=== EXERCISE ===
Return the line containing "A rustic log planter on a deck." and every line beneath it through the end of the entries below, unchanged. Pictures stay out.

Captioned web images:
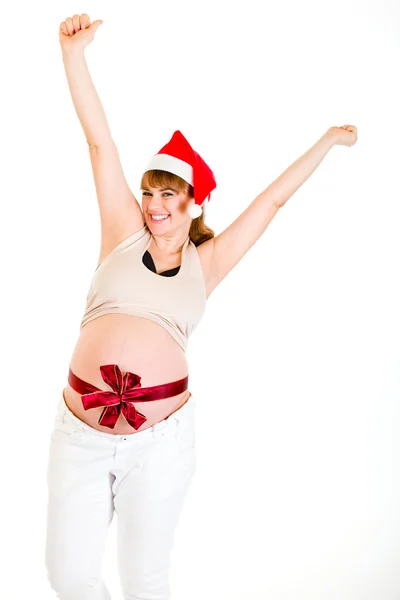 Счастливого Рождества беременная женщина в шляпе Санты поднимает руки вверх — стоковое фото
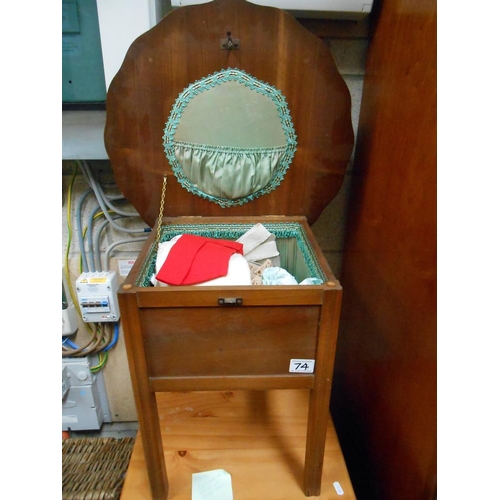 74 - A 1950's sewing work table and contents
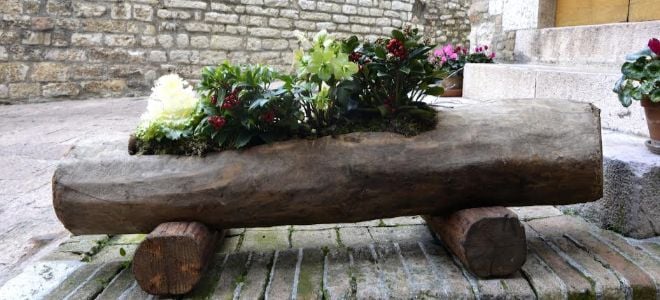 A rustic log planter on a deck. 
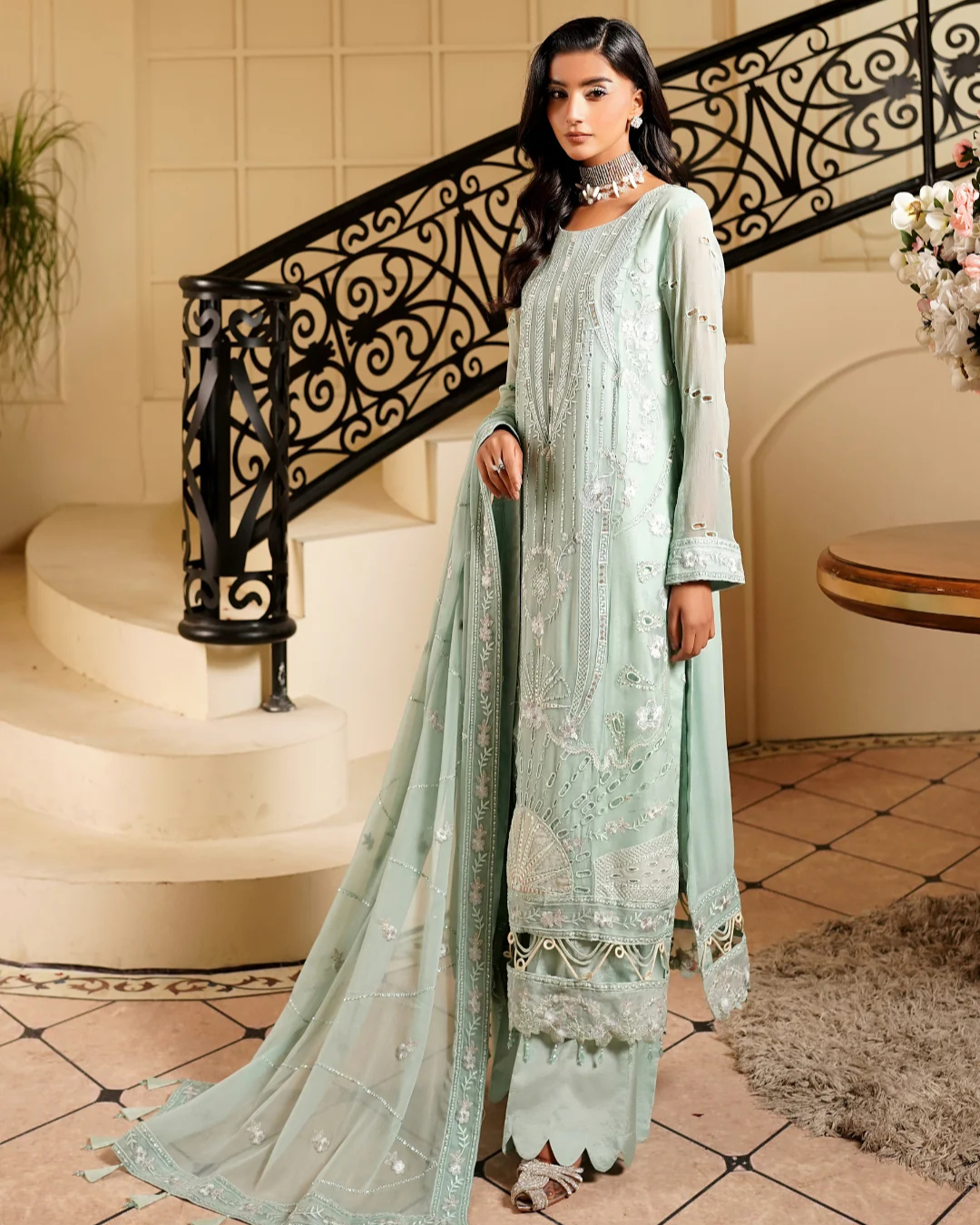 Woman in a light green traditional outfit standing in a decorative interior setting.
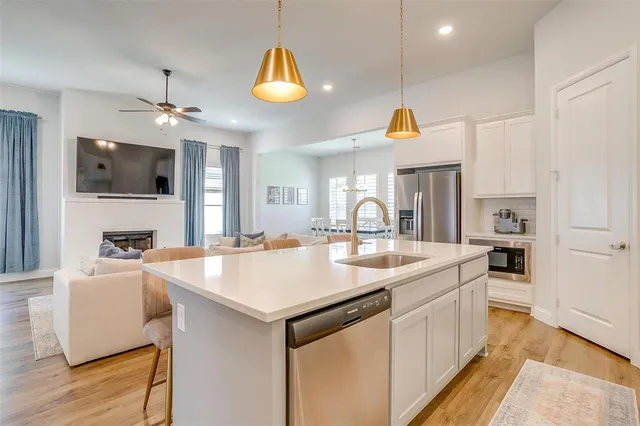 a kitchen with a sink a counter top space and stainless steel appliances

=== ANSWER AREA ===
 A rustic log planter on a deck. 
 Woman in a light green traditional outfit standing in a decorative interior setting.
 a kitchen with a sink a counter top space and stainless steel appliances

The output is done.